自分がいかにも欲がないかのように書いているが、着物も宝飾品もあまりにたくさん見ると、さほど欲しいという気持ちがなくなるものだ。普段着物を着たり宝石を付けたりしないので、余計にそうなる。


義父に「帯と羽織はどこ?」と聞くと、まだ見ていないもう一つの箪笥の、下の引き出し二つだと言う。その中身を出して、小物はどこかなとその上の引き出しを開けてみると、また着物がどっさり入っているではないか。うわ‥‥と思いながら引き出しを全部開けたら、それも一竿丸ごと着物箪笥だった。
「すいませーん、また出てきましたー」と言いながら、座敷に運ぶ。「ええー」「いったいどんだけあるの」と、目を丸くする従姉たち。いやもう呉服店が開けるくらいあるんですよ‥‥。
仕切りの襖を取り去った8畳6畳続きの座敷に、畳が見えないほど着物の包みが散乱している。ざっと60〜70枚。目眩がしてきた。
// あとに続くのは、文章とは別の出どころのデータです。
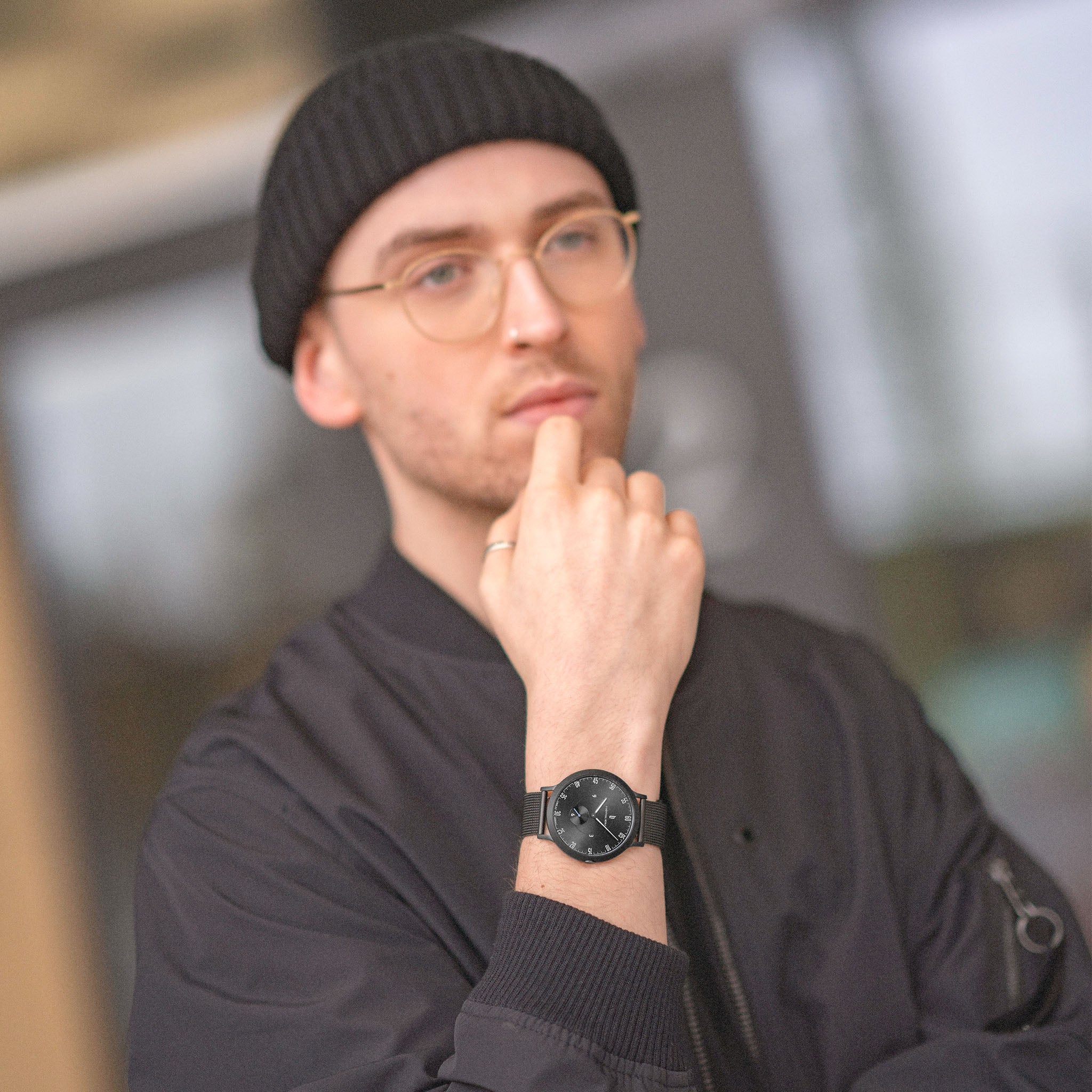 Man wearing black minimalist watch, black beanie, and glasses in urban setting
「サキちゃん、この色無地いいものだから貰っておきなさいよ」「その帯がさっきのに合うよ」などと勧められて、また数枚貰った。帯も3本ほど。
「でも残念ながら、そんなに頻繁に着る機会がないのよね」と、従姉の一人が言った。「4人でお茶会でもする?サキちゃん主催で」「そうねぇ」。お茶会なんか出たことないけど、せっかく着物着る機会だからやってみるか。


座敷の隅では、叔母たちが洋服の着せ替えごっこをしていた。義母は大胆な花柄が好きだったので、全体に華やかなのが多い。「これ、私には派手過ぎじゃないかね」「そんなことないよ、よく似合ってるわ」「畑やっとっていつも野良着でおるのに、こんな赤いの着て歩いとったら、近所の人に気が狂ったかと思われんかね」「そんなことないない」。
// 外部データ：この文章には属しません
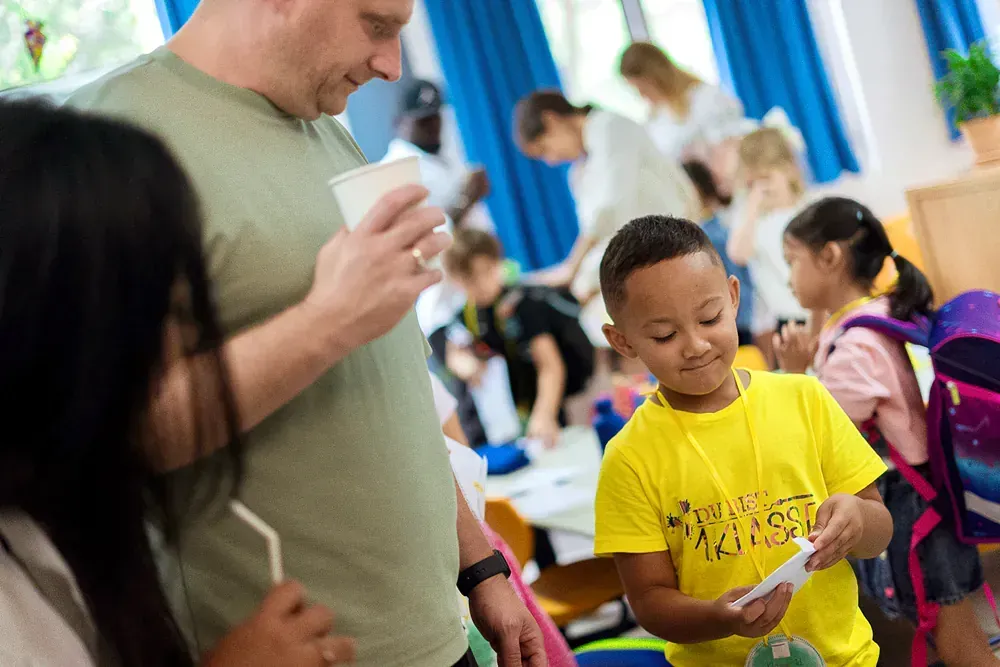 A man is standing next to a boy in a yellow shirt in a classroom.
2時間近くかかって着物と服の形見分けが終わり、次は宝飾品。ここでも「これ、いいものだからとっときなさい」と、指輪をいくつか頂いた。
形見分けの品を車に積み、叔母や従姉たちは喜んで帰っていった。アクセサリー類は全部捌けたものの、着物が半分ほど残った。正絹なのでシミの出ているのもあるし、かなり古くなっているのも。後日、近所で着物に詳しい方がいるらしいので来て頂いて、仕分けすることにした。


着物や宝飾品が好きだった義母と、あまり興味のなかった私。世代の違いもあってか、洋服のセンスもまったく合わなかった。基本的に義母は着物で垢抜ける人だった。
娘のいなかった義母は私に対し、「この人は着物も欲しがらないし、宝石にも興味がなさそうだし、えらく地味好みだし、なんか張り合いがないわね」と思っていたのではないだろうか。そういうことは口に出さず、あれこれ無理に押し付けることはなかったけれども。
いつかは私に譲るつもりで、義母がコツコツ仕立てた大量の着物を思うと、ちょっと遣る瀬なくなる。彼女のようなタイプだったらそれらをもっと上手に受け継いで、日常の中で楽しみ活用できるだろうけど、私には無理だ。生活スタイルも趣味も違い過ぎるから。
義母が身につけてきた着物文化をきちんと継承できない申し訳なさと、気になっていた着物の処遇が決まって肩の荷が軽くなった気分とが交錯する中で、『東京物語』の原節子の台詞「誰だってみんな、自分の生活が一番大切になってくるのよ」が、元の文脈を離れてほろ苦く心に沁みてきた。